- Collected material -
==================================================

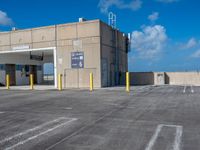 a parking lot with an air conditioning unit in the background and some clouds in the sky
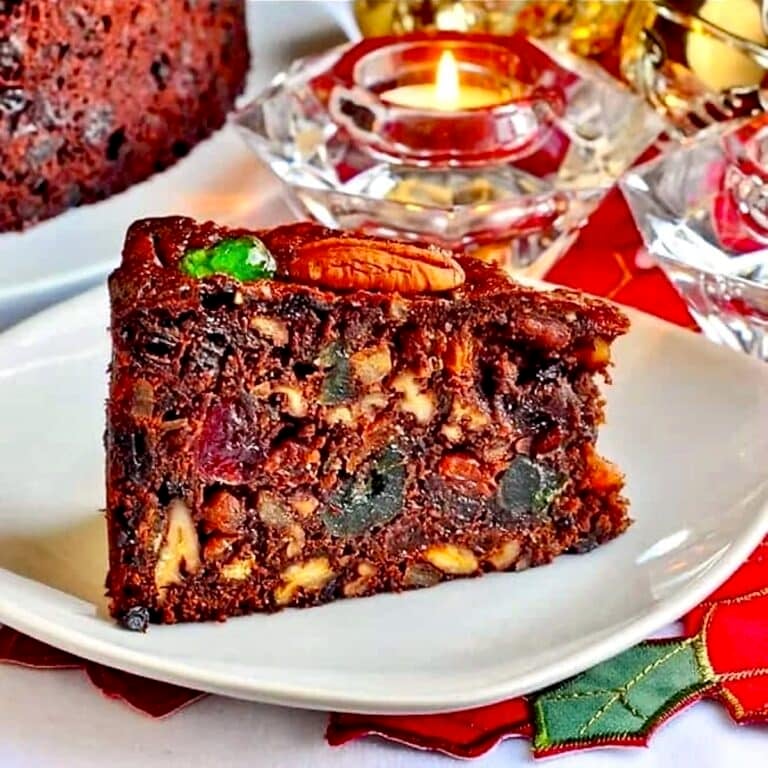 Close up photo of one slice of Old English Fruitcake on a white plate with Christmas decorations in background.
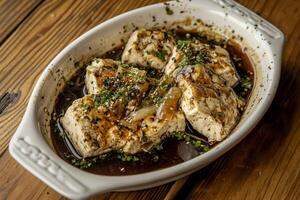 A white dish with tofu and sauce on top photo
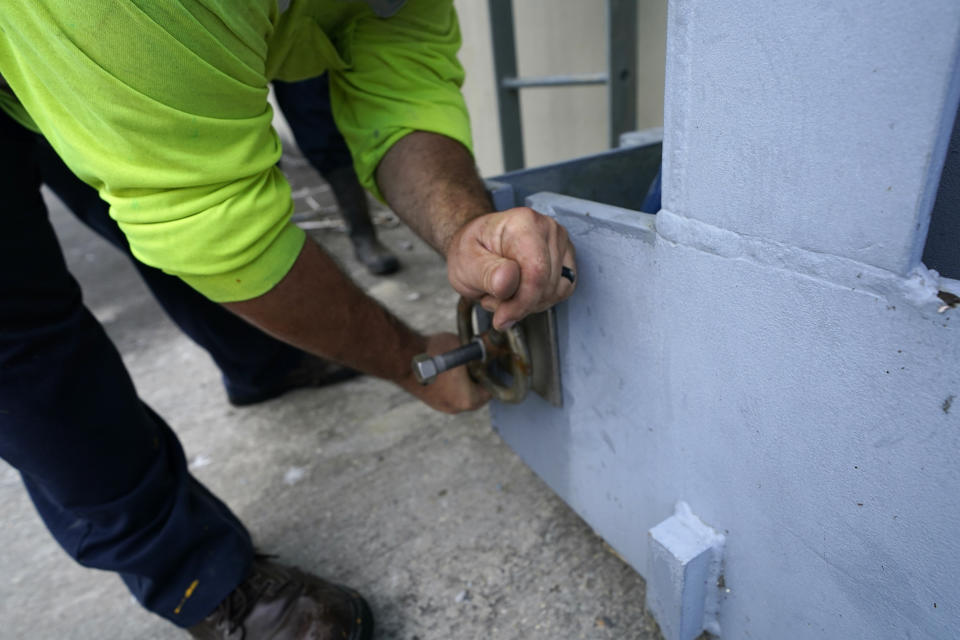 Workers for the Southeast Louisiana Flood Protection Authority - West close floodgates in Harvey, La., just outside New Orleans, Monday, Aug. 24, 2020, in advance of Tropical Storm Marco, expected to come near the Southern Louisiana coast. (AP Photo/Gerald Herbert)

==================================================

- Assignment -
The lines from the one containing "Close up photo" through the end of the data above are to be copied exactly, both ends included, and pictures are to be omitted.

- Exercise output -
 Close up photo of one slice of Old English Fruitcake on a white plate with Christmas decorations in background.
 A white dish with tofu and sauce on top photo
 Workers for the Southeast Louisiana Flood Protection Authority - West close floodgates in Harvey, La., just outside New Orleans, Monday, Aug. 24, 2020, in advance of Tropical Storm Marco, expected to come near the Southern Louisiana coast. (AP Photo/Gerald Herbert)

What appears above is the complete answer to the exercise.